3. Troviamo poco convincente l'argomento secondo cui
la legalizzazione dell'aborto sarebbe necessaria per arginare i rischi legati
alla clandestinità e all'illegalità. Nei paesi in cui l'aborto è illegale, lo è
perché lo si considera un crimine a partire da un quadro etico e normativo di
riferimento. In genere, un crimine non si affronta rendendolo legale, ma
estirpandolo o punendolo. Sarebbe come dire che siccome la gente viola
frequentemente i limiti di velocità, i limiti di velocità andrebbero alzati.
Che vi sia un rischio sanitario nell'abortire clandestinamente, che tale
rischio sia maggiore per i poveri che per i ricchi, che l'aborto sia da sempre praticato
a prescindere che sia considerato lecito oppure no, è sicuramente vero, ma non
ha pertinenza con le domande poste, né con il piano del discorso su cui ci si
sta interrogando.
4. Varie proposte sono state formulate per stabilire
il limite tra umano e non umano (attenzione: non abbiamo parlato di vita in
generale, ma di essere umano portatore di dignità e diritto). Facciamo notare
che collegare univocamente l'umanità alle facoltà senzienti e razionali, o alla
piena funzionalità psico-motoria, rende per definizione anziani, disabili
fisici e psichici, nonché molti ammalati, non umani. Serve ricordare dove
conduce questa linea di pensiero? Più coerentemente altri hanno indicato la
nascita del bambino come criterio di demarcazione. Anche in questo caso, però,
si sollevano quesiti ineludibili: ad esempio, un bambino nato prematuro di otto
mesi in che cosa sarebbe più umano di un feto di otto mesi nel grembo materno?
Altri hanno scritto che la questione è irrilevante, o che in tale materia è
possibile e opportuno ricorrere a una convenzione o a un compromesso. Ci
sentiamo di dire che la questione secondo noi è altamente rilevante, visto
che permette di distinguere l'omicidio (anche se legale e socialmente
accettato) dall'intervento chirurgico.
Concludiamo queste brevi note ricordando che non
abbiamo alcuna pretesa di insegnare a qualcuno cosa sia giusto o sbagliato.

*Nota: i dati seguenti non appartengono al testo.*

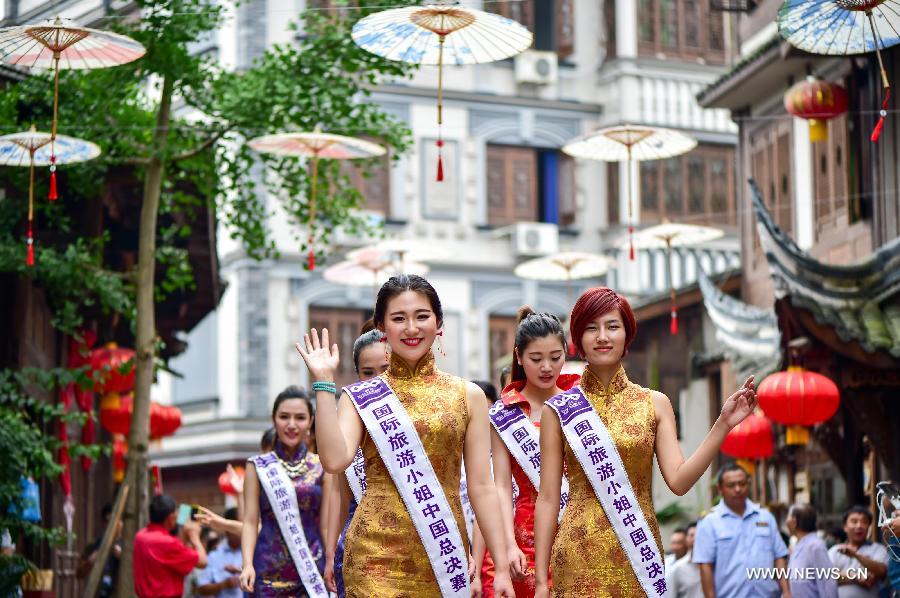 إقامة حفلة افتتاح الدورة الأولى لمهرجان السياحة لمدينة آن جيوي القديمة بتشونغتشينغ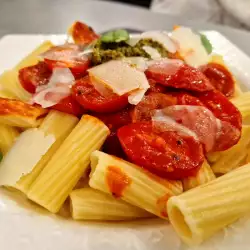 Rigatoni mit Pesto und Cherrytomaten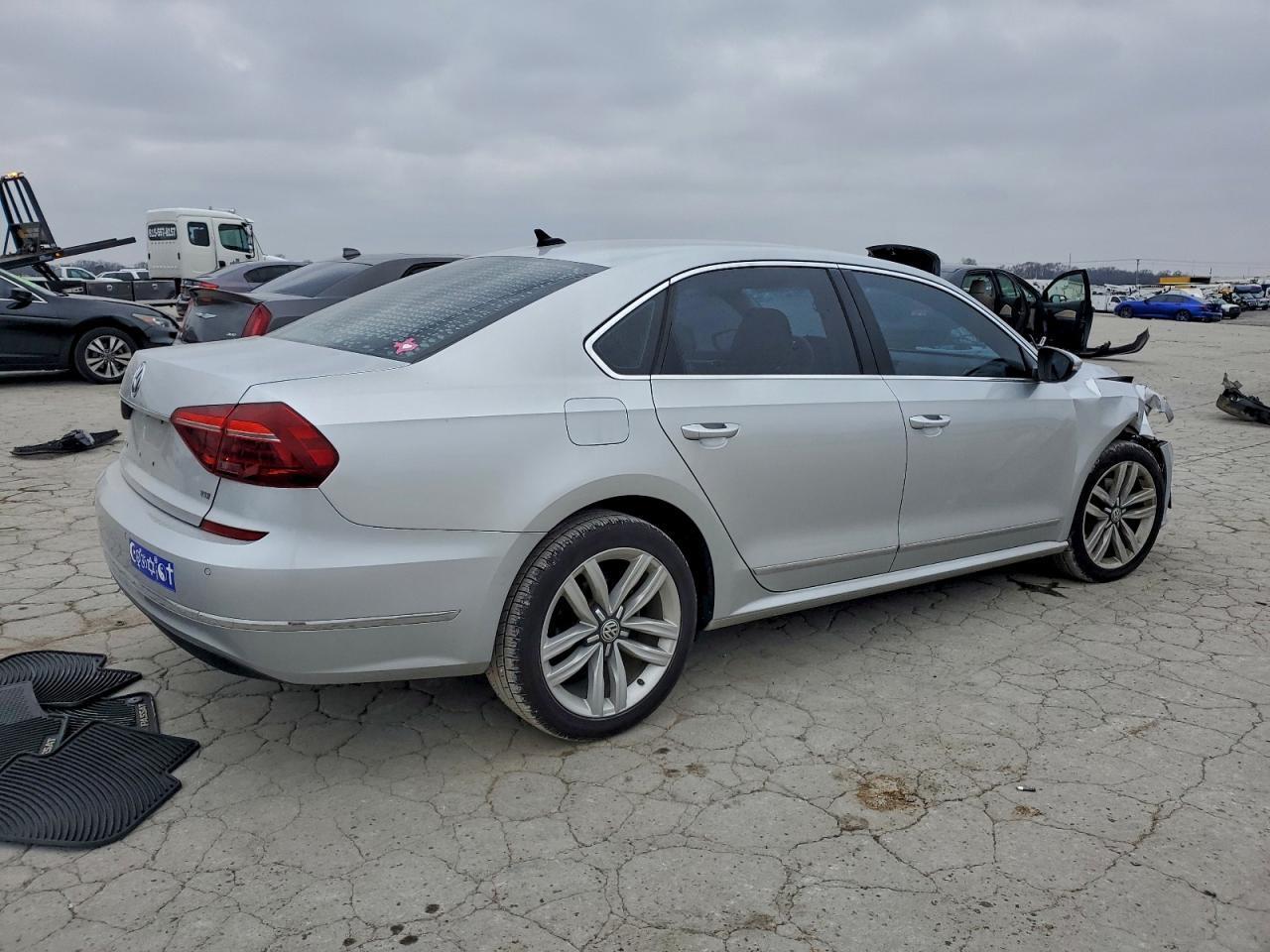2017 Volkswagen Passat Se - Фото 3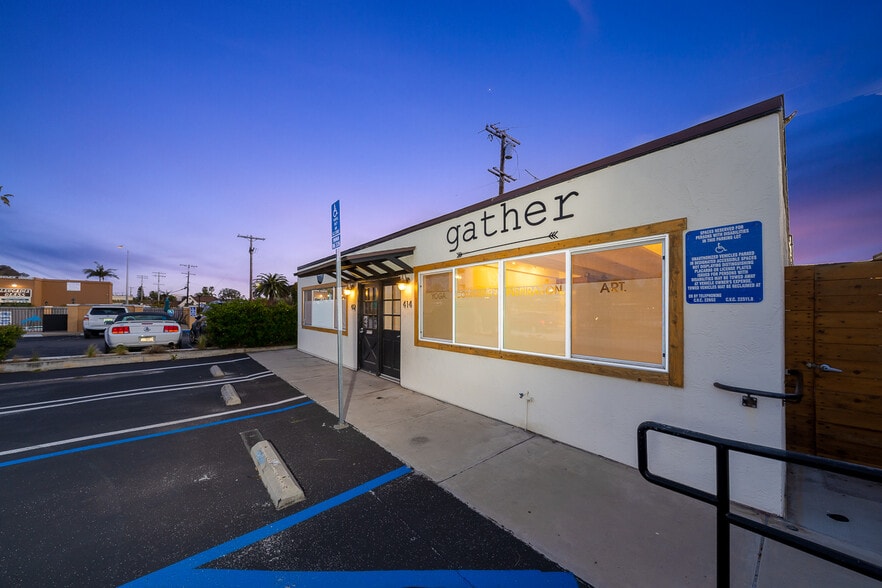 More Photos Of 422 N Coast Highway 101, Encinitas Storefront For Lease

Esso dipende, infatti, dalle assunzioni che una persona fa proprie e dai
principi che riconosce. Assunzioni e principi possono essere discussi ma non
dimostrati, e la scelta che uno fa in merito ad essi dipende essenzialmente da
fattori extra-razionali. Al netto di questo, tuttavia, consideriamo doveroso
comprendere dove portano le assunzioni e i principi che si sposano, e a partire
da ciò, farsene carico responsabilmente. Dal nostro punto di vista, definire
arbitrariamente cos'è un essere umano, apre a indefinite possibilità di
riduzione del debole e dell'indifeso a pura materia inerte a disposizione di
coloro che godono, invece, del riconoscimento sociale alla piena umanità. Le
potenziali applicazioni di questo principio sono a dir poco terrificanti, e
temiamo che molti stentino a rendersi conto che, come per altre battaglie
analoghe, anche in questo caso quella che viene presentata come una lotta per i
diritti, rischi di rivelarsi il più insidioso dei cavalli di Troia.